George Westall, Jr. is the president, sole director and sole shareholder of the other defendants. He became involved with sludge dewatering systems when his company, Sears-Westall, became a manufacturer's representative for USEP. After Sears-Westall was terminated as a manufacturer's representative, George Westall became a competitor of USEP and developed and marketed a multi-layer filter plate. USEP/ISR allege that Westall's filter plate infringes the '764 patent.


Westall argues the '764 patent is invalid by virtue of the on-sale bar of 35 U.S.C. Sec. 102(b). According to Westall, the invention was on sale within the meaning of the statute because of the sale to the City of Sunrise and operation of the Sunrise facility.

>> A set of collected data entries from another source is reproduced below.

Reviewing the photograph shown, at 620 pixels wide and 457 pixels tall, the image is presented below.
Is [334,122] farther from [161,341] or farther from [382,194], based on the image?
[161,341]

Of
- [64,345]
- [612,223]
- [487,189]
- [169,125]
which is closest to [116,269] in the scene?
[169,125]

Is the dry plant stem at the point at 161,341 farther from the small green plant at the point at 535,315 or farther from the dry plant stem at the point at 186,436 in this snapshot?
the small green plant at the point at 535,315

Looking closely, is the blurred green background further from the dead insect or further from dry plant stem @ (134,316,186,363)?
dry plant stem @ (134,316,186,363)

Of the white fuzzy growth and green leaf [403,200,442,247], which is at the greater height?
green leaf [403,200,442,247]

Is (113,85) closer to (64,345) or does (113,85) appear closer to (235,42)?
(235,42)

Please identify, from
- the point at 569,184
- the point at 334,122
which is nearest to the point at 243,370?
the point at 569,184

35 U.S.C. Sec. 102 provides in pertinent part:


Sec. 102. Conditions for patentability; novelty and loss of right to patent


A person shall be entitled to a patent unless


. . . . .


(b) the invention was ... on sale in this country, more than one year prior to the date of the application for patent in the United States....

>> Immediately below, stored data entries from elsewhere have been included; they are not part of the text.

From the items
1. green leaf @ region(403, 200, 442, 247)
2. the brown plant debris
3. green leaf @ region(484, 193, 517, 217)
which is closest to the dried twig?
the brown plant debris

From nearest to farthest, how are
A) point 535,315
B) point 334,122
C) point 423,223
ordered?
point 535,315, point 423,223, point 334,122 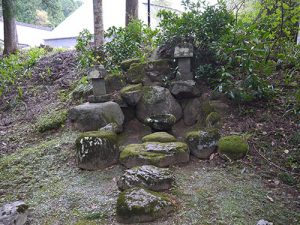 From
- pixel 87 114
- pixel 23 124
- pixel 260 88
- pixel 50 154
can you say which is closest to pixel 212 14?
pixel 260 88

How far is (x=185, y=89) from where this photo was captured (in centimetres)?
467

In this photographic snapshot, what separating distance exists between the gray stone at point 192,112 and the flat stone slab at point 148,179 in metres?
1.75

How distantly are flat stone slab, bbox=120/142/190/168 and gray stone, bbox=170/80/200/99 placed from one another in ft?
4.34

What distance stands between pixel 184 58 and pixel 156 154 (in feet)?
6.69

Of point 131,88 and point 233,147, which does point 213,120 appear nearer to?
point 233,147

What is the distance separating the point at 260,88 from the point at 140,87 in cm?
200

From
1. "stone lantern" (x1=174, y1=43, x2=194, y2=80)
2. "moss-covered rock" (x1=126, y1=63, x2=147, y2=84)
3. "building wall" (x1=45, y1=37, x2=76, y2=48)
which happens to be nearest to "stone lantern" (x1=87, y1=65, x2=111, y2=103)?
"moss-covered rock" (x1=126, y1=63, x2=147, y2=84)

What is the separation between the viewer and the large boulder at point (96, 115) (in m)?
4.37

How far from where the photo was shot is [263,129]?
3.85 m

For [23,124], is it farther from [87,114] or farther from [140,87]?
[140,87]

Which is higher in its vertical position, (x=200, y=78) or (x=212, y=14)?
(x=212, y=14)

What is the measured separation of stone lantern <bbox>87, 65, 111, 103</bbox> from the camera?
4.45 meters

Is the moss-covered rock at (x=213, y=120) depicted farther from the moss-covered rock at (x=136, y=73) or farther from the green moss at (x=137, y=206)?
the green moss at (x=137, y=206)

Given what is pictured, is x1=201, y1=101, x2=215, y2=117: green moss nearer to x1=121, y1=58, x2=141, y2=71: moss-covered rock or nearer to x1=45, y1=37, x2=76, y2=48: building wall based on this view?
x1=121, y1=58, x2=141, y2=71: moss-covered rock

One of the primary purposes of the on-sale bar is to prevent an inventor from commercially exploiting the exclusivity of an invention in excess of the statutorily authorized period. See General Elec. Co. v. United States, 228 Ct.Cl. 192, 198, 654 F.2d 55, 61, 211 USPQ 867, 873 (1981). If SRS' sale to Sunrise triggers the provisions of Sec. 102(b), USEP/ISR's claim that Westall infringed the '764 patent must fail.



We review the district court's conclusion of a Sec. 102(b) bar as a question of law, while the facts underlying the conclusion are subject to the clearly erroneous standard of review. See Moleculon Research Corp. v. CBS, Inc., 793 F.2d 1261, 1266, 229 USPQ 805, 808 (Fed.Cir.1986), cert. denied, 479 U.S. 1030, 107 S.Ct. 875, 93 L.Ed.2d 829 (1987).

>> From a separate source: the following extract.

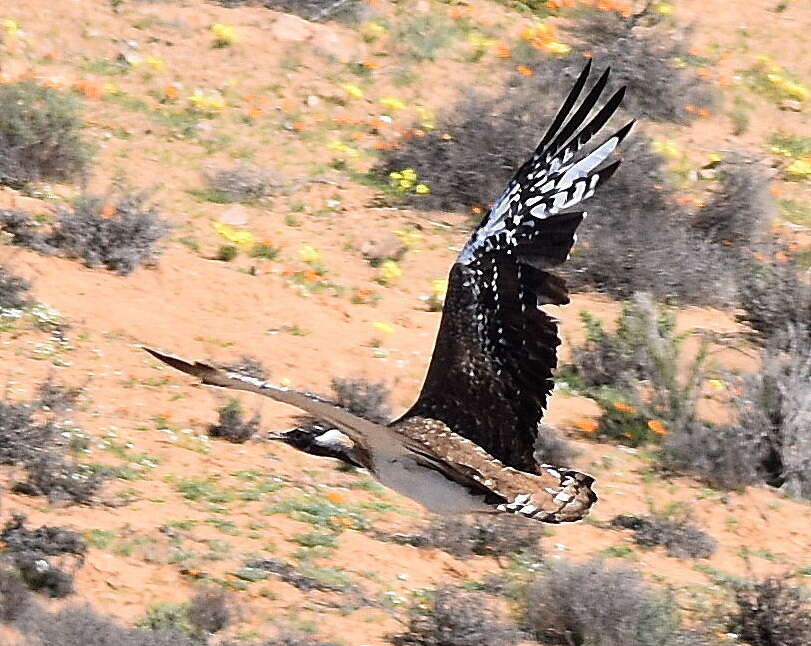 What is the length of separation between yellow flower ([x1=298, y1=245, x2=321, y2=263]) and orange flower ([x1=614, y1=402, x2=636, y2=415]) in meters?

The district court's relevant findings of fact regarding on-sale bar are as follows:


In June, 1976, SRS reached an agreement with the City of Sunrise, Florida to submit a proposal for the installation of a sludge dewatering system. The proposal contained a provision stating that the SRS was not allowed to conduct experiments without the written consent of the City Engineers. In the final offer-to-sell letter dated August 30, 1976, it was stated that the dewatering units would be completely under the control of Sunrise, and SRS needed a specific reservation of its right to retain limited access to insure that proper operating procedures were being followed. Further, it was stated that Riise was to be permitted to show the units to other potential customers, and that SRS was prevented from making changes in the units without the written consent of Sunrise. Sunrise signed this final offer to sell on September 29, 1976. After the Sunrise installation was completed, a sales brochure bulletin was released which contained photographs of the installation and language suggesting that the sludge dewatering systems were then available for purchase.




The Sunrise beds became operational in January, 1977. The evidence shows that Sunrise personnel assumed responsibility for operating the beds. Sunrise was responsible for regulating and enforcing security measures.




The testimony discloses that had the Sunrise facility been an experimental endeavor, plaintiffs would have adhered to a testing schedule and maintained detailed records of their progress achieved over a period of time. No such records were offered into evidence.


These facts provide the foundation for the district court's conclusion that the Sunrise facility was established for the purpose of commercial rather than experimental use.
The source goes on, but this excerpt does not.